Деревянное здание летнего Народного Дома стояло на поляне, среди густого сосняка. В нем никто не жил, по глубоким сугробам протоптаны свежие тропы, и люди с топорами в руках, весело пересмеиваясь, срывают с заколоченных окон доски. Всю ночь топились две времянки, в доме густеет сизое угарное тепло. Сцену драпируют гирляндами из хвой. Зажигают несколько керосиновых ламп под потолком. Актеры в шубах, в шапках кончают репетицию. Разбитое стекло затыкают какой-то рванью.

Спускается вечер, солнце давно село, и бледная звезда зажглась. В лесу слышно дряблое пение хором и еще, в другом месте. Ближе, ближе. И вот с двух дорог подходят к дому две толпы молодежи, с красными флагами, с плакатами: "Елагу ватабус!". Приветствия, шутки, смех. Многие навеселе. Белобрысые лица праздничны. Голоса мужчин тонки и тягучи, как у скопцов, в движеньях сдержанность, отсутствие бесшабашной удали и хулиганства. Все чинно, все прикалошено, причесано, в перчатках. Николай Ребров сравнил эту толпу эстонских поселян с своей родной, крестьянской, и сразу понял, что здесь России нет.
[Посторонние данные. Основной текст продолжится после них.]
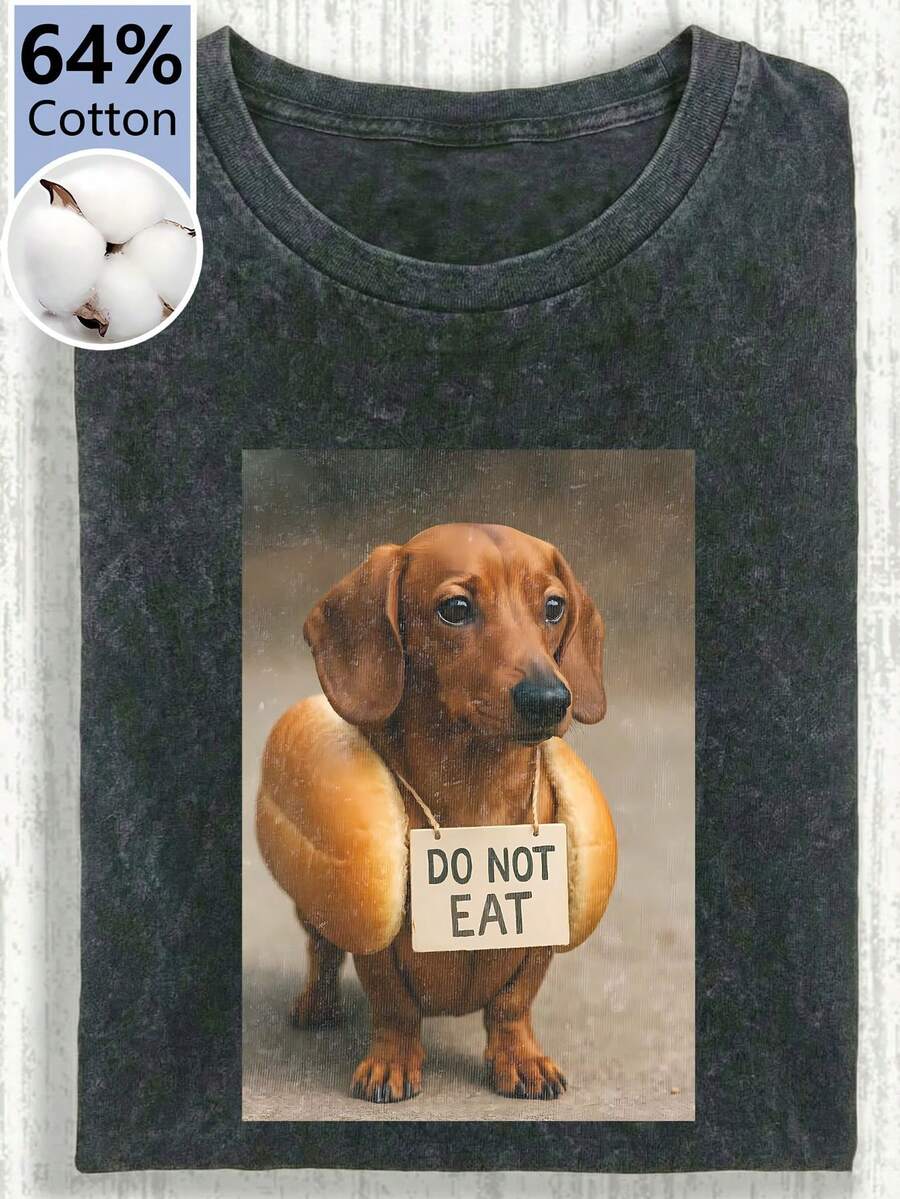 Áo thun nữ cỡ lớn mùa hè in hình chó Dachshund, màu trơn, kiểu dáng đơn giản, cổ điển, rộng rãi, tay ngắn, chất liệu cotton, màu đen. - màu đen - Xem 1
А народ все прибывал, мужчины и женщины, пешие и конные, в крытых коврами маленьких повозках, с лентами в гривах низкорослых лошаденок, с бубенцами под дугой. Стало темнеть. Желтые огнистые квадраты окон гляделись в мглу наступавшей ночи, западная часть неба над темным бархатом пихт и сосен стала голубеть, показался, раздвигая облака, двурогий месяц.